Monday, 3 March 2014

Blockchain secrets

Back on the bitcoin theme, I really wondered at the time what the point of the rather sophisticated cyber-attack on bitcoin in the early weeks of this year was. The way I understand it is that the hackers were exploiting the transaction malleability problem  (not that I fully understand what that is) to disrupt and confuse the blockchain (the definitive record of all transactions). It sounds like a very sophisticated hack - suggesting to me a team with a deep understanding of the inner workings of bitcoin. At one time the blockchain was seriously disrupted and forked into two different accounts of the transactions. But it survived and was repaired. Tough little cookie! But who would want to attack in this way? Technophobes (clever ones)? An intolerant state? The financial establishment? Or maybe coin-grabbing criminals? There's no word on the hackosphere about who was doing this as far as I know - which is interesting.
But what was the purpose of the attack? On the face of it it looks like theft - Shadowy trading site Silkroad 2 threw in the towel saying all their bitcoins had "gone" (pretty much). But now MtGox say much the same thing, citing a massive loss of coins. I wonder, was this cyber attack really grand-theft cyber, or was it a massive smokescreen to hide something really bad behind. The attack caused mass confusion and very nearly smashed the blockchain (the definitive immutable record of all bitcoin transactions that have ever occurred). This would have effectively killed bitcoin stone dead. I wonder why anyone would want to do that. On the face of it it makes little sense in theft-terms.

Got Them Bitcoin Blues

The Sunday Times supplement had a great article of yesterday - Desperately Seeking Satoshi - Focussed on the mystery of bitcoin's creator Satoshi Nakamoto. Satoshi the persona appeared on public blogs in 2009, posted the seminal bitcoin paper https://bitcoin.org/bitcoin.pdf (a masterly paper) then, having got the bitcoin community rolling, gradually faded from the blogosphere and finally disappeared  in 2001, saying he had "moved on" to other interests. The article was a very nice piece of work and after much ado pointed out David Chaum as the most likely identity for Nakamoto.
Another article in the main Sunday Times discussed the woes of bitcoin - with a headline suggesting the currency was "crumbling" after the MtGox meltdown.

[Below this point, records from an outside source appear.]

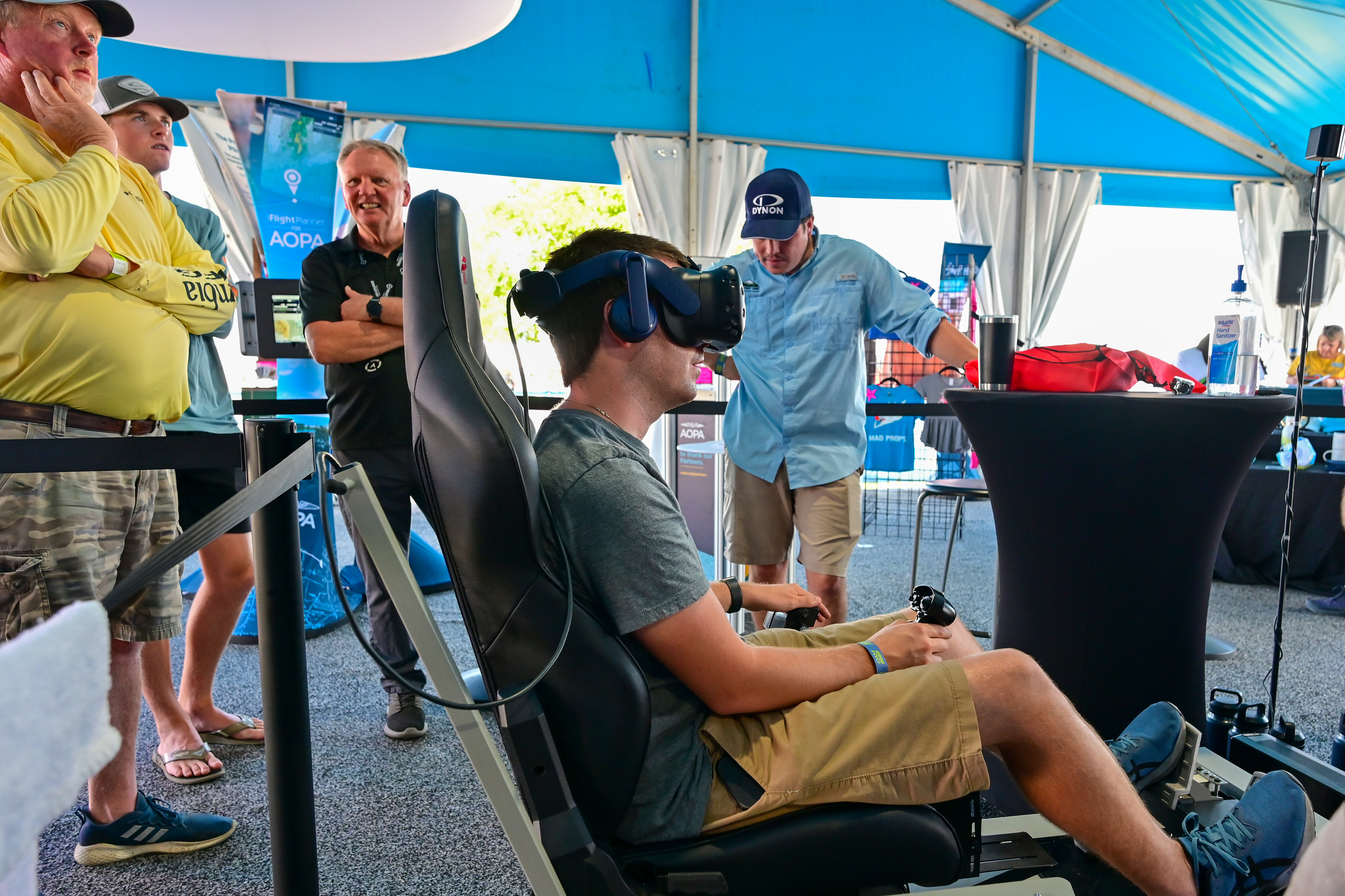Attendees take turns flying in virtual reality at the AOPA campus during EAA AirVenture Oshkosh July 25. Photo by David Tulis.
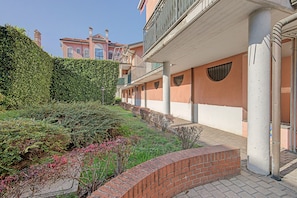A building with a brick pathway, a hedge, and a clear sky. - Apartment 'Smart Hub M3 Metro 10 Min.Duomo' with shared garden, Wi-Fi and air conditioning (Milano)
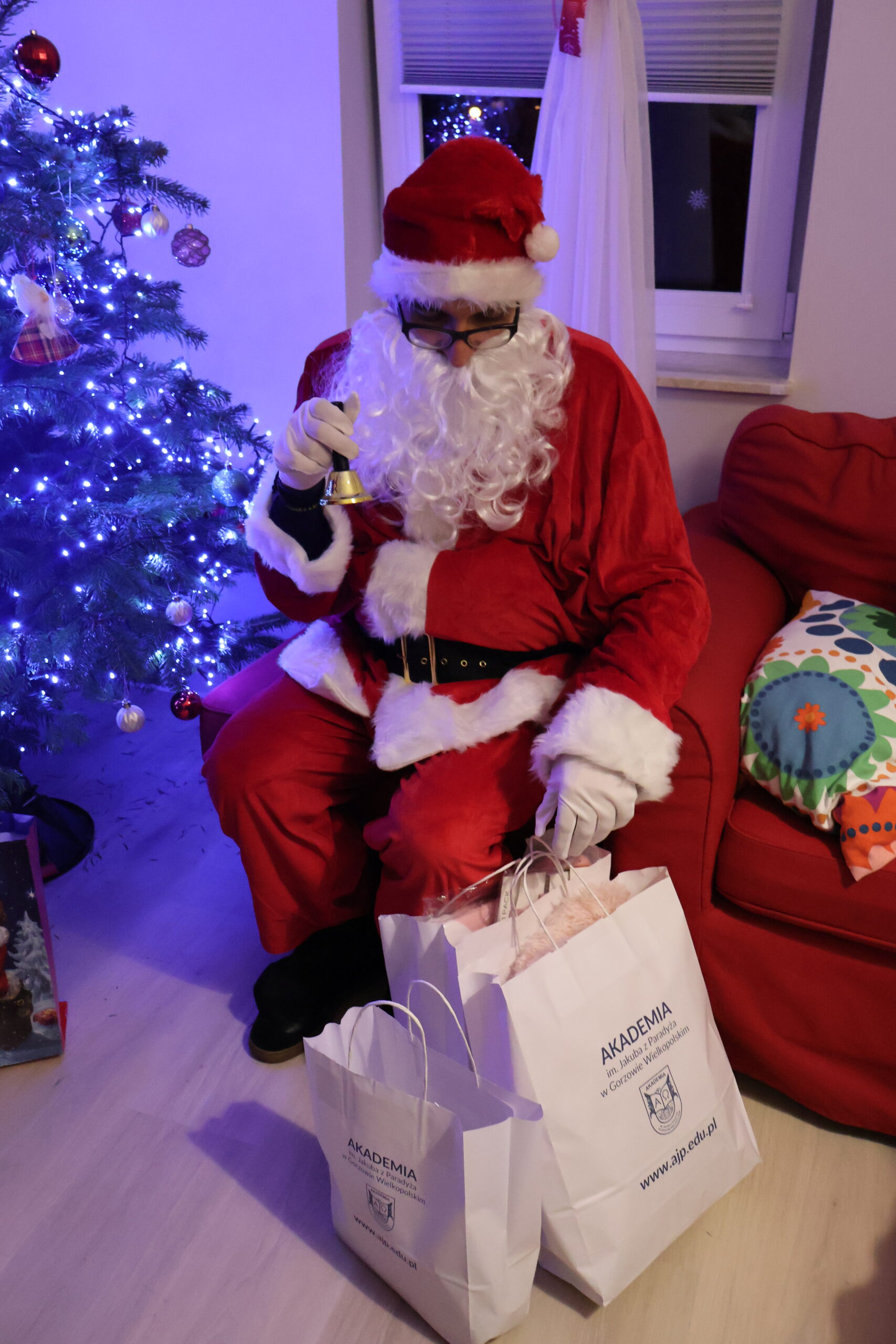 Mikołaj siedzi na pufie, w ręku trzyma dzwoneczek i patrzy na kolejne prezenty do wręczenia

However, it did concede that bitcoin prices were actually holding fairly firm around the $500 mark - In fact I just checked BTC-E and it looks like there's an upward trend - currently trading at $574.
One thing that I haven't heard mentioned is that the whole idea behind bitcoin was the removal of a need for a "trusted broker" in transactions - bitcoin passes direct, person to person with no need for a middleman. The aim was to take banks etc. out of the game because they CAN'T BE TRUSTED. People were supposed to hold their own coins. The thing is, sites like MtGox and the others are exactly what bitcoin was supposed to do away with. What's worse they are totally unregulated. Who knows what went on at MtGox - the various stories make minimal sense to me. I have my theories. But the blockchain could know some interesting stuff about the whole story - and the neat thing is that that isn't going to disappear (ever)!
So in a way, the MtGox calamity is a reminder about what Bitcoin is really about. I believe it will rise again - with a reshaped ecosystem... far greater than before! 

Sunday, 2 March 2014

The weather revisited

Looking back at my last post of 11 months ago I'm quite pleased (kind of) with my weather prediction. To me what we've seen this spring looked pretty much like the tipping point I predicted, into a new and more energetic weather pattern - the crazy storms we've had here at a rate of 2 a week, since before Christmas are quite unprecedented. If the hot/cold biannual cycle is continuing, this March might be super-hot, followed by cold again next year. But maybe we already flipped into an energetic stirred up mode. We'll see very soon.